Our guide takes us to each room, describing the living conditions in each space.  Each room has it's own horrific story: "This is where the men were kept," our guide says as we stand crowded together in the small dark space I'd initially mistook for a bathroom, "they were lined up against the walls so tightly that at night they could only sleep by leaning against each other.  They were held here for a maximum of three months, after that they were weighed - if they weighed less than 60 kilos, they were thrown into the ocean where they were eaten by sharks; if anyone got sick, or no one bought them, they were thrown into the ocean and eaten by sharks.  Approximately 20 million people passed through this island on their way to slavery, and of those, 6 million died."  The number six million feels sickeningly familiar.

"This is where the young girls were kept,"  our guide says as we enter a room marked Jeunes Filles.  "They were picked based on the size of their breasts," he says, cupping his chest with his hands, "if they were big enough, they were sent to this room; if not, they were sent to the children's room.  The girls in this room were raped, became pregnant, and their mixed blood children were sent to live in a house on this island, becoming an elite class of métis who had status higher than their parents.  The slave girls never saw their children after giving birth."

"This is where the children were kept," our guide tells us in the room marked Enfants.  "Families were brought here," he says, pointing to Idy, his wife Fina, and three year-old daughter Mamie, "and separated.  The men were imprisoned in one room," he says, pointing to Idy, "the women in another," he says, gesturing to Fina,"and the children," he says, placing his hand on Mamie's head, "were kept in this room."  If there was ever a moment I am thankful that Mamie doesn't understand French, it's now.  "Families were broken up and sold to different buyers; in one family the father might be sold and shipped Brazil, the mother to a plantation in the American Carolinas, and the child to Cuba, never to see or hear from each other again."

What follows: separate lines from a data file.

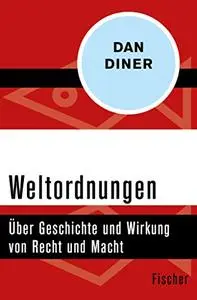 Weltordnungen: Über Geschichte und Wirkung von Recht und Macht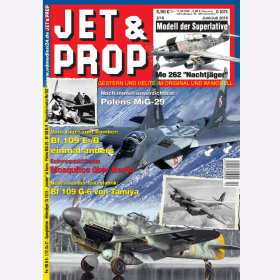 JET & PROP 2/18 Flugzeuge von gestern & heute im Original & im Modell
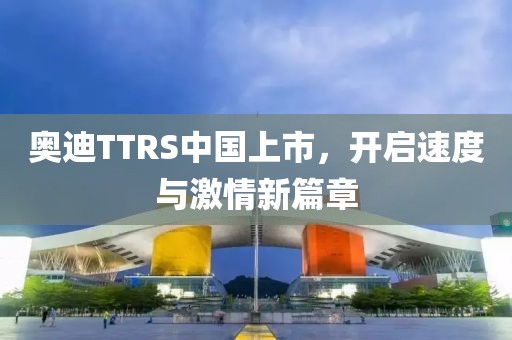 奥迪TTRS中国上市，开启速度与激情新篇章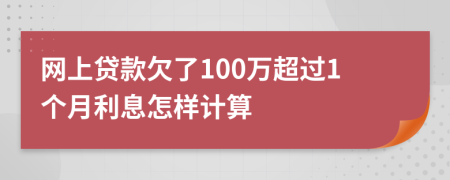 网上贷款欠了100万超过1个月利息怎样计算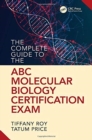 Image for The complete guide to ABC&#39;s molecular biology certification exam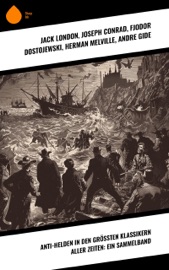 Anti-Helden in den größten Klassikern aller Zeiten: Ein Sammelband - Jack London, Joseph Conrad, Fjodor Dostojewski, Herman Melville, André Gide, Emily Brontë, Nathaniel Hawthorne, Charles Dickens, Mark Twain, Oscar Wilde, Mary Shelley, Arthur Conan Doyle, William Makepeace Thackeray, Euripides, William Shakespeare, Johann Wolfgang von Goethe, Homer & Miguel de Cervantes Saavedra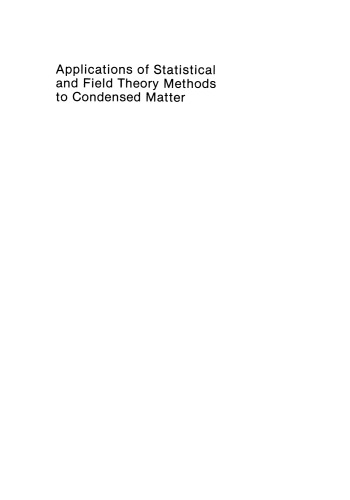 Applications of Statistical and Field Theory Methods to Condensed Matter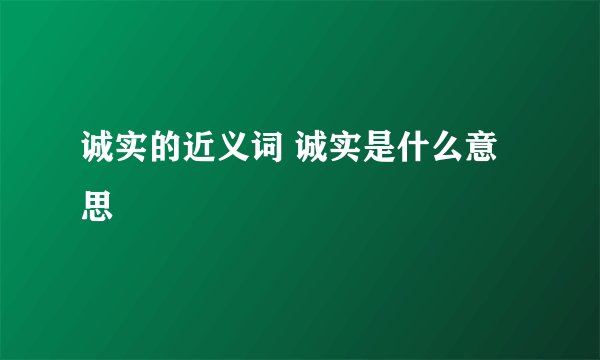 诚实的近义词 诚实是什么意思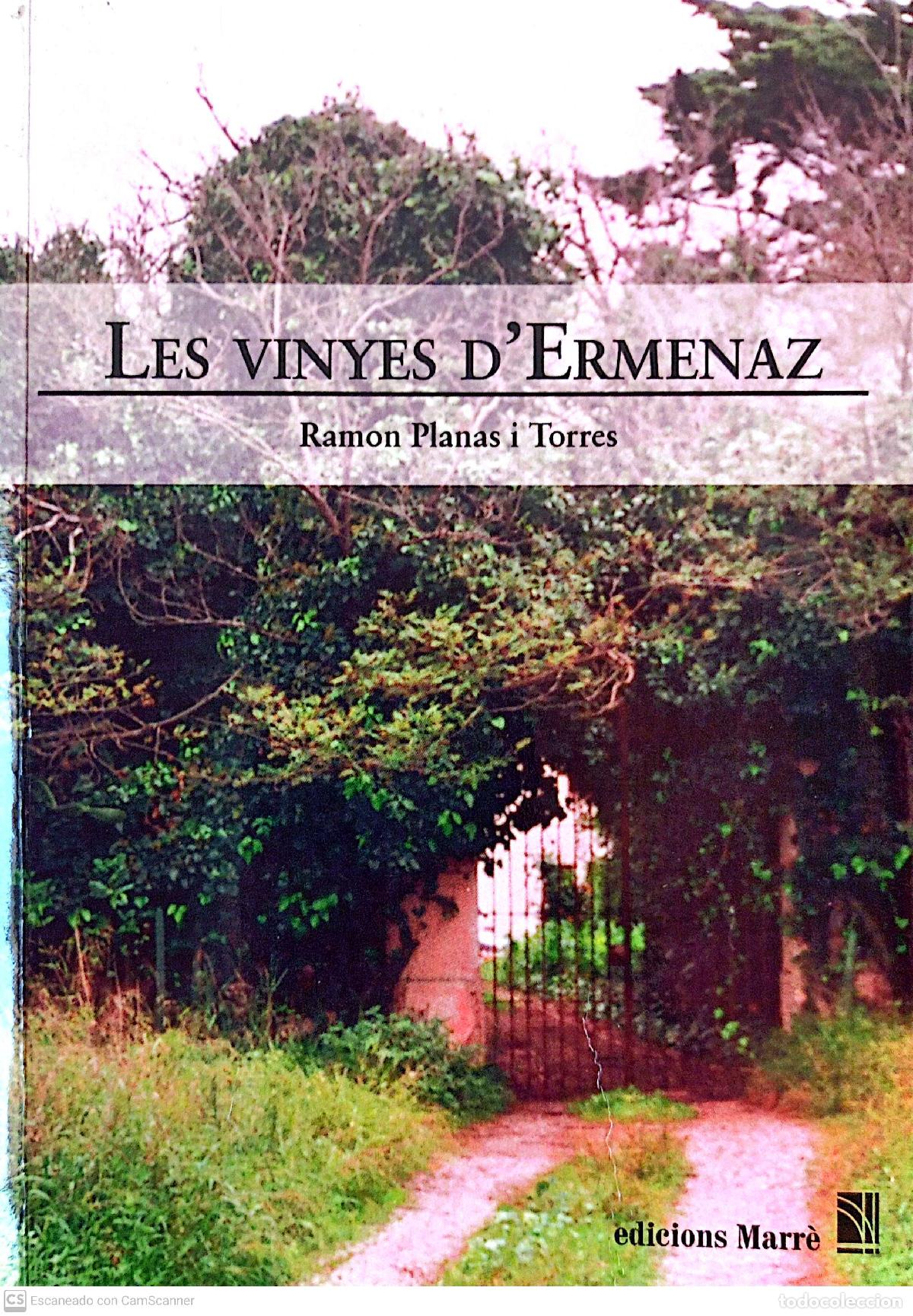 Libros: Les vinyes dErmenaz - Ramon Planas i Torres - Foto 1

Idy halts in his translation, his voice breaking.  "Oh God," he says quietly, then collects himself and continues.  I'd been anxious to see this place, and had been frustrated that Idy kept putting it off; watching him I wonder how many times he's had to do this, what it must be like for him to have to come here year after year and explain to a new group of people exactly how this building functioned, what it must be like to live so close to this place.  I suppose eventually you'd get used to it - as you might if you lived near a holocaust memorial site.  In some ways, we all live with the ghosts, genocides, and wrongs of the past; in my hometown of Chicago, the streets are mapped out on a grid system - the only streets that run at an angle are ones that were used as Indian trails.  The trails have long since been paved over, and the Indians have long since disappeared.  Chicago is even named for a Potawotami word meaning wild onion or wild garlic, but the Potawotami themselves were forcibly removed from Chicago in 1833.  There are no markers memorializing the Potawotami; coming face-to-face with the Maison Des Esclaves - an actual physical vestige of something that is at once so undeniably central to the story of America, and so completely despicable, is overwhelming.

Finally, our guide shows us La Porte Du Voyage Sans Retour, the gate of the "trip from which no one returned," where slave ships were docked and loaded with human cargo.  "Africans were complicit in the slave trade," our guide says, "they were hired by Europeans to capture other Africans, and were paid in rum."  I stare out at the ocean, my tiny struggles and discomforts dissolved into insignificance.  I imagine seeing a ship on the horizon, I think about all the people who've become part of the ocean I'm looking at, that it's the same ocean that runs along the eastern seaboard of the United States.  I walk into an empty room marked Chambre de Pesage, "weighing room," and quietly lose my composure, snuffling into my hands and hoping no one interrupts me.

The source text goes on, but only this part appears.